ARTICLE H -- PAYMENT FOR STOCK OPTIONS AND TAX WITHHOLDING.

         Upon the exercise of a stock option, payment in full of the exercise
price shall be made by the Participant. As determined by the Committee, the
stock option exercise price may be paid by the Participant either in cash,
shares of Common Stock valued at their fair market value on the date of
exercise, a combination thereof, or such other method as determined by the
Committee. In addition to payment of the exercise price, the Committee may
authorize the Company to charge a reasonable administrative fee for the exercise
of any stock option. Furthermore, to the extent the Company is required to
withhold federal, state, local or foreign taxes in connection with any
Participant's stock option exercise, the Committee may require the Participant
to make such arrangements as the Company may deem necessary for the payment of
such taxes required to be withheld (including, without limitation,
relinquishment of a portion of such stock options or relinquishment of a portion
of the proceeds received by the Participant in a simultaneous exercise and sale
of stock during a "cashless" exercise). In no event, however, shall the
Committee be permitted to require payment from a Participant in excess of the
maximum required tax withholding rates.

ARTICLE I -- GRANT OF UNRESTRICTED OR RESTRICTED STOCK.

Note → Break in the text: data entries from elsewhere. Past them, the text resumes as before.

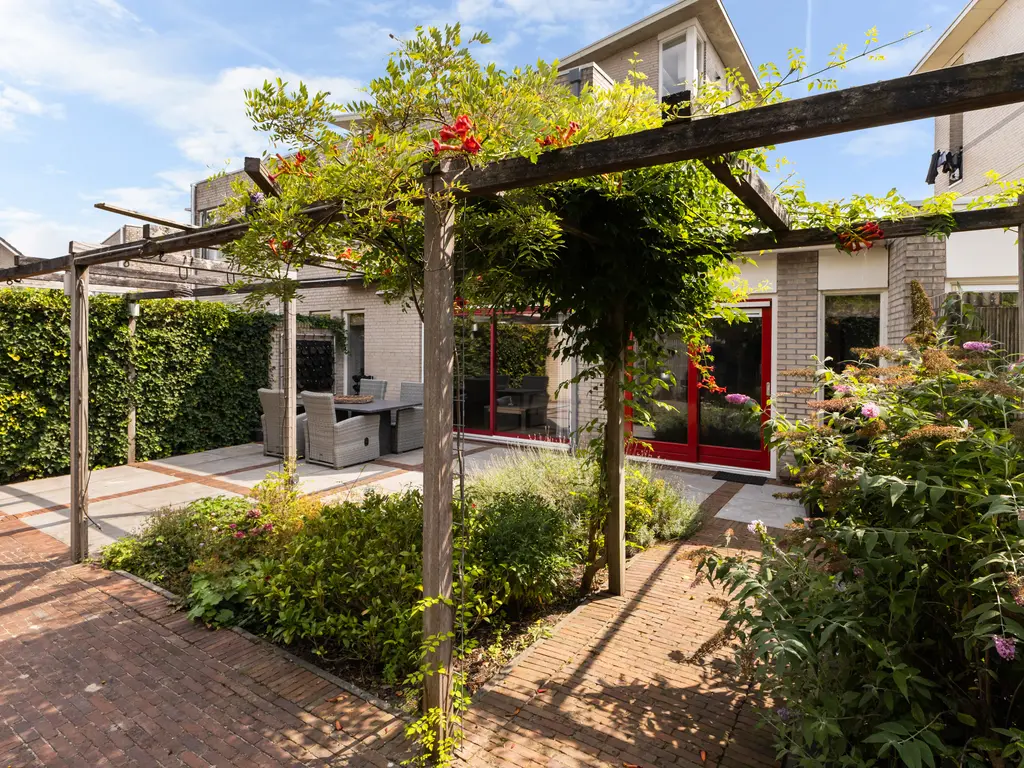 Bomschuit 8, WOERDEN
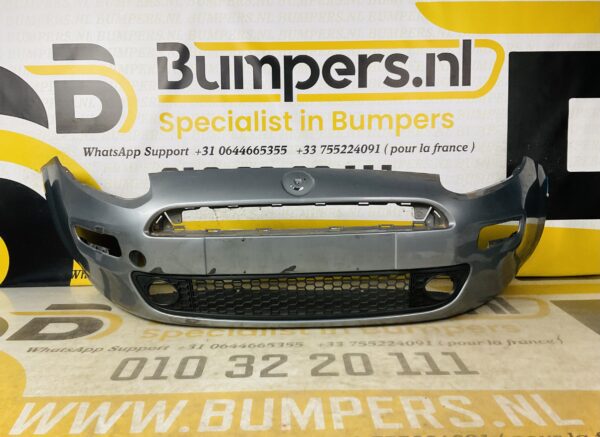 BUMPER Fiat Punto EVO VOORBUMPER 2-B1-6755z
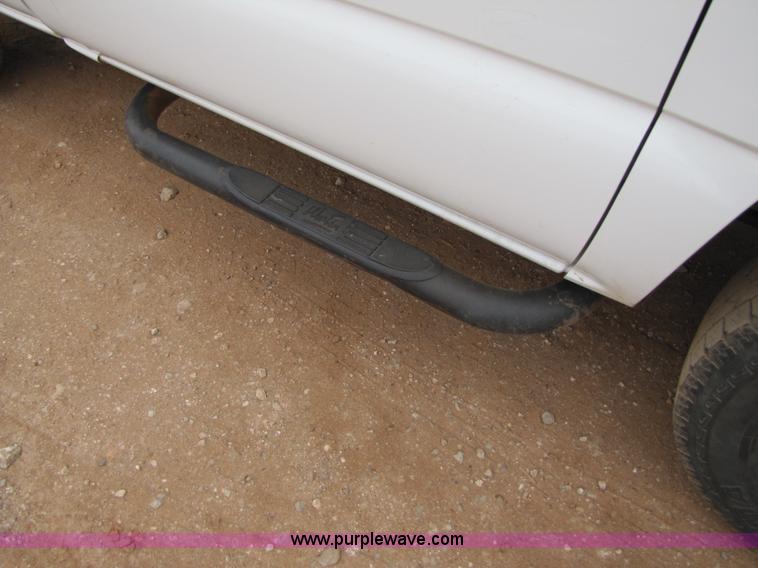 image for item B2156 2006 Chevrolet Silverado 1500 pickup truck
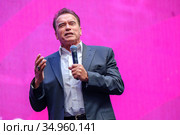 Arnold Schwarzenegger, famous actor, politician and businessman, speaks at a business forum (2019 год). Редакционное фото, фотограф Антон Гвоздиков / Фотобанк Лори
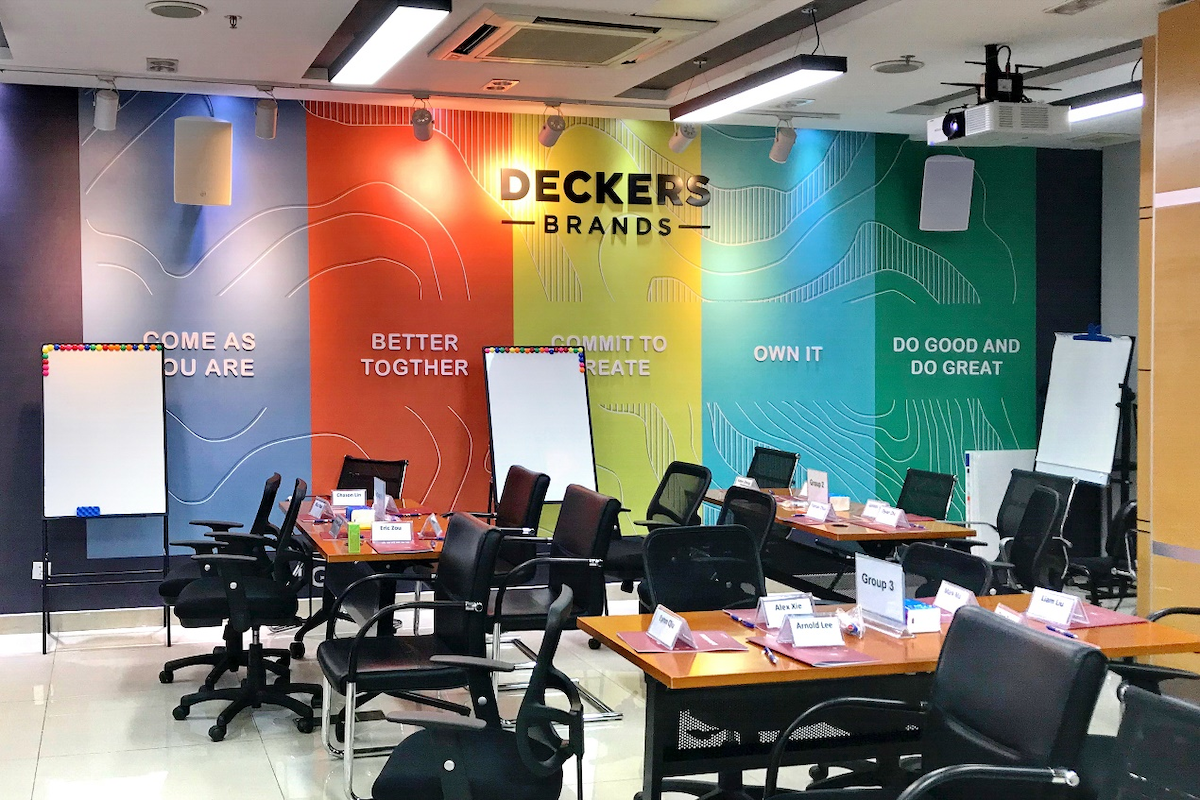 案例|AG旗舰厅ADECIA会议解决方案协助跨国公司Deckers实现多种会议场景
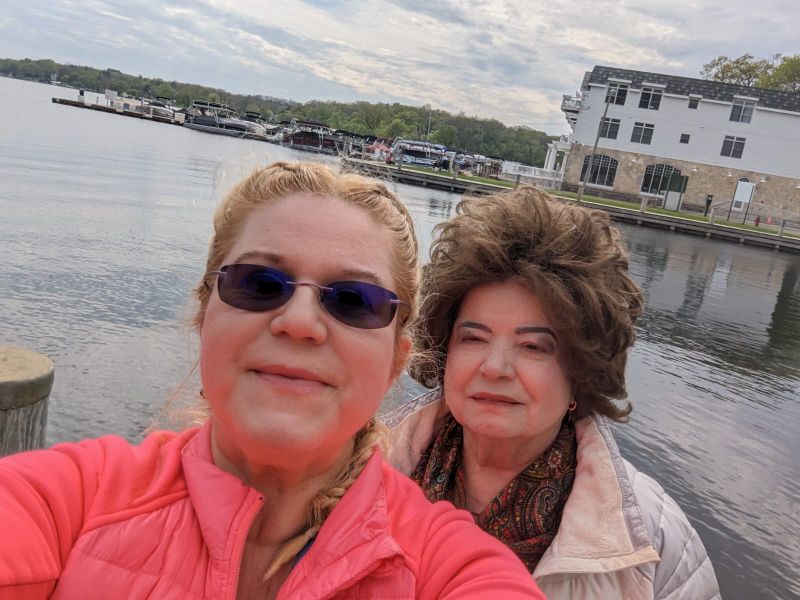 Fiica Savetei Bogdan, operată în urma unei banale pedichiuri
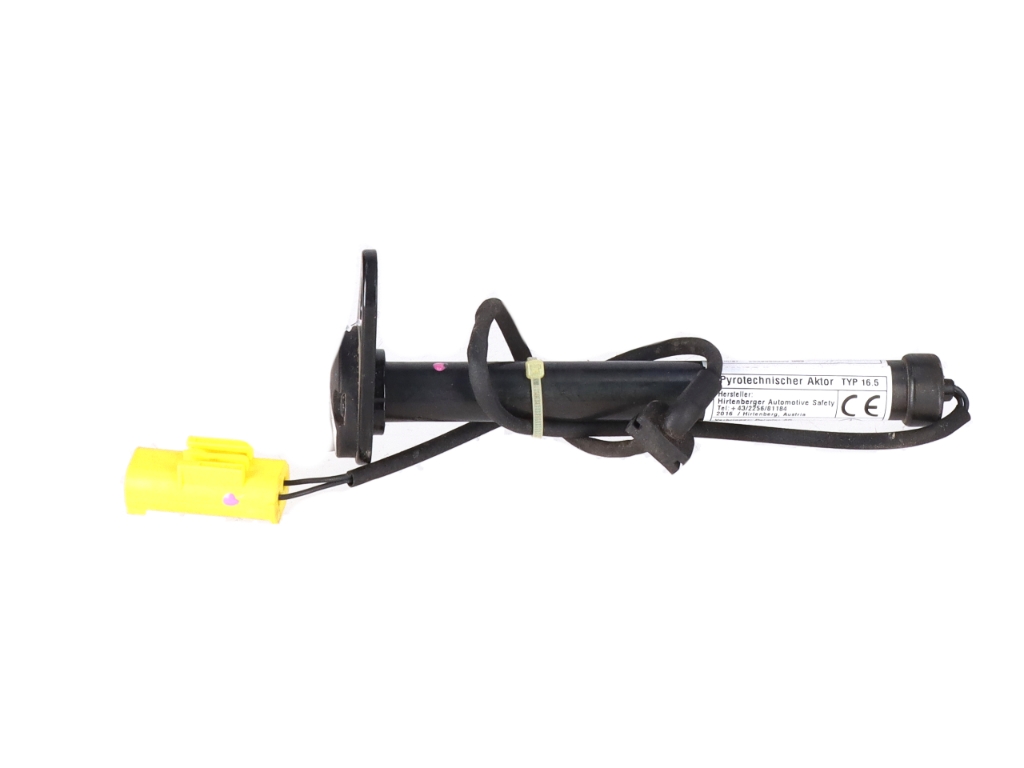 Actuator bonnet right MERCEDES-BENZ GLC (X253) AMG 43 4-matic  270 kW  367 PS (04.2016-> ) Actuator bonnet right MERCEDES-BENZ GLC (X253) AMG 43 4-matic  270 kW  367 PS (04.2016-> )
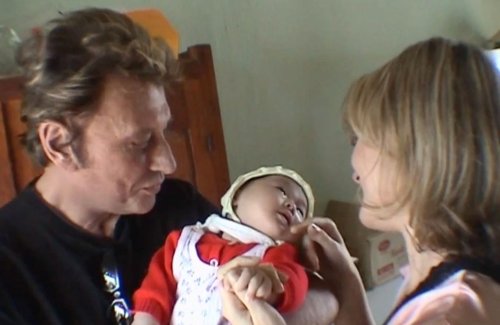 EXCLU. Johnny Hallyday : sa rencontre touchante avec sa fille Jade, à l’orphelinat, dévoilée dans un documentaire intime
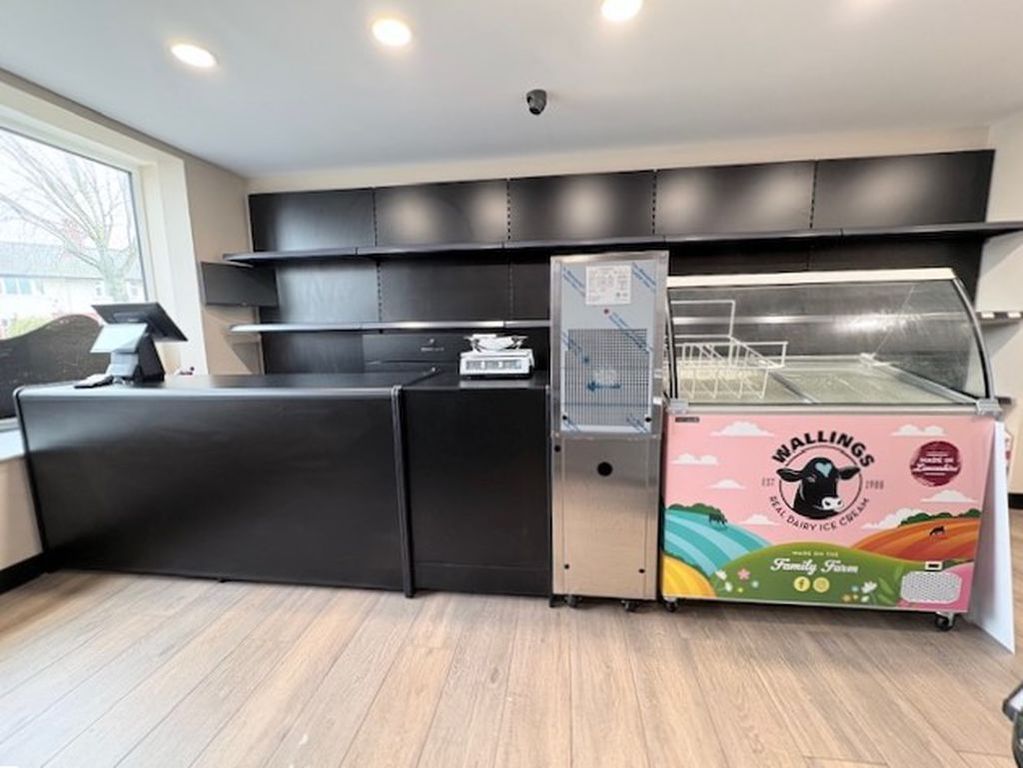 Property photo 3 of 9 Photo 2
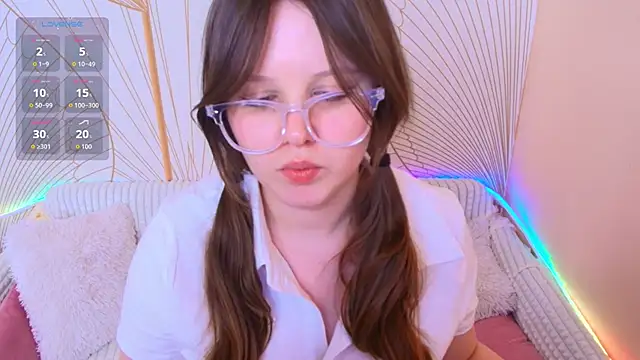 Lana_Delanay Chat XXX in diretta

         The Committee may grant Common Stock to Participants under the Plan
subject to such conditions or restrictions, if any, as the Committee may
determine. To the extent the Company is required to withhold federal, state,
local or foreign taxes in connection with the lapse of restrictions on any
Participant's shares of Common Stock, the Committee may require the Participant
to make such arrangements as the Company may deem necessary for the payment of
such taxes required to be withheld (including, without limitation,
relinquishment of a portion of such shares of Common Stock). In no event,
however, shall the Committee be permitted to require payment from a Participant
in excess of the maximum required tax withholding rates.

ARTICLE J -- PERFORMANCE RELATED AWARDS.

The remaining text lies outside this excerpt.